En la poesía 94 que titula “Amar”, leemos: Vengo hermanas mías, de Betania / donde al Señor he encontrado / La hermana Inés que me había acompañado / sentía derretido el corazón. / Sí, muy inefable era ciertamente / prepararle un festín, / mientras el Maestro adorable nos ofrecía un divino banquete. / Era el banquete del amor / en el que Jesús se da a sí mismo, / pues su bondad siempre se adelanta / si al alma que le busca y que le ama; / en la medida de su fe / ella se llega al soberano Rey” (P 94 inicio)

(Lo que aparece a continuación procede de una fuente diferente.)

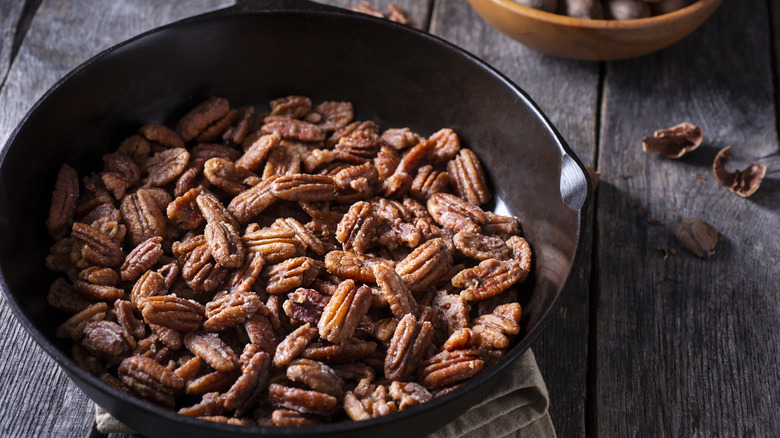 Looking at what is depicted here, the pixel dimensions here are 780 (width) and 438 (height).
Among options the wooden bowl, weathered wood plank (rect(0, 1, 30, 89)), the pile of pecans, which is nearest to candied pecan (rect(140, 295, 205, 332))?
the pile of pecans

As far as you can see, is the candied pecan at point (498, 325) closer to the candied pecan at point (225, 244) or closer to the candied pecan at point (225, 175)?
the candied pecan at point (225, 244)

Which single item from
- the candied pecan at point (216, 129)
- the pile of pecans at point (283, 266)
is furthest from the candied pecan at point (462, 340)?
the candied pecan at point (216, 129)

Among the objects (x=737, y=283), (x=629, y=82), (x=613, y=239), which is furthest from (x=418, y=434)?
(x=629, y=82)

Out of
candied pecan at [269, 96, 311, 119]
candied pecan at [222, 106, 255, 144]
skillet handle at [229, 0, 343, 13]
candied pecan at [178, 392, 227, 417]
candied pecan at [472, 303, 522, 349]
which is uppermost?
skillet handle at [229, 0, 343, 13]

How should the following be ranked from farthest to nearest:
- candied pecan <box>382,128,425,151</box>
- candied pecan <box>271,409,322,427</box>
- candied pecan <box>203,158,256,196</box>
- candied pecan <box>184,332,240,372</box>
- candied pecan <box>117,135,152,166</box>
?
1. candied pecan <box>382,128,425,151</box>
2. candied pecan <box>117,135,152,166</box>
3. candied pecan <box>203,158,256,196</box>
4. candied pecan <box>184,332,240,372</box>
5. candied pecan <box>271,409,322,427</box>

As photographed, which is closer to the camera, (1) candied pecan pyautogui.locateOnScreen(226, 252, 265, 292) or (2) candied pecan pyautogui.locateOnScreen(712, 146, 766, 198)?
(1) candied pecan pyautogui.locateOnScreen(226, 252, 265, 292)

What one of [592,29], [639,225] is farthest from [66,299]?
[592,29]

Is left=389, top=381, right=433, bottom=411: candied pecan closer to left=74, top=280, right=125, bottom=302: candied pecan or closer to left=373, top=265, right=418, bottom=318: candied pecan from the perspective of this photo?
left=373, top=265, right=418, bottom=318: candied pecan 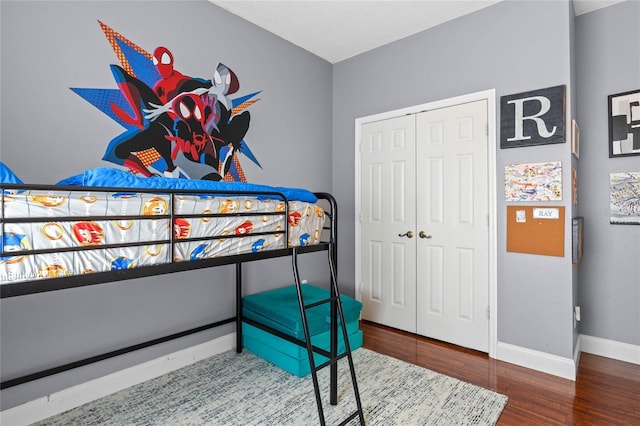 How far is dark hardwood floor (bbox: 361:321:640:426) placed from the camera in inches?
76.0

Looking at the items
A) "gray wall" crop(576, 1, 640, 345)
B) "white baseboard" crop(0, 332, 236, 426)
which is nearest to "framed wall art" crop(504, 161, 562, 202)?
"gray wall" crop(576, 1, 640, 345)

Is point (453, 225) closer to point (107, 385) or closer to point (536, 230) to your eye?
point (536, 230)

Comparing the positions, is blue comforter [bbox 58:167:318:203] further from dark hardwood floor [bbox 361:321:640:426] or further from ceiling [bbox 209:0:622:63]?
dark hardwood floor [bbox 361:321:640:426]

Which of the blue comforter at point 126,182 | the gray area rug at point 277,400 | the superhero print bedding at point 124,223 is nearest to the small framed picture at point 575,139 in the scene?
the gray area rug at point 277,400

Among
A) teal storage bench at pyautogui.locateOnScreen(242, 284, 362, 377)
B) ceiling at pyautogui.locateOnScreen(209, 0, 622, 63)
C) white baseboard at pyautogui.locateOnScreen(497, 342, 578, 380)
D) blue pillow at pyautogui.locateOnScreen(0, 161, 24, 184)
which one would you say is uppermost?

Al abate Chevignard le escribe: “¿No tiene usted esta pasión de escucharle? A veces es tan fuerte esta necesidad de callarse que desearía no saber hacer más que permanecer como Magdalena, esa bella figura de alma contemplativa, a los pies del Señor, ávida de escucharle, de penetrar cada vez más profundamente en ese misterio de Amor que ha venido a revelarnos. ¿No le parece que, en la acción, al cumplir el oficio de Marta (Lc 10,38-42) el alma puede permanecer siempre en adoración, sepultada como Magdalena en la contemplación, estando junto a la fuente como una sedienta? Así concibo yo el apostolado tanto para la carmelita como para el sacerdote” (Cta 158:24.2.1903). Esta es la actitud de Isabel de la Trinidad. (Puede verse Ctas.124,147,150,164).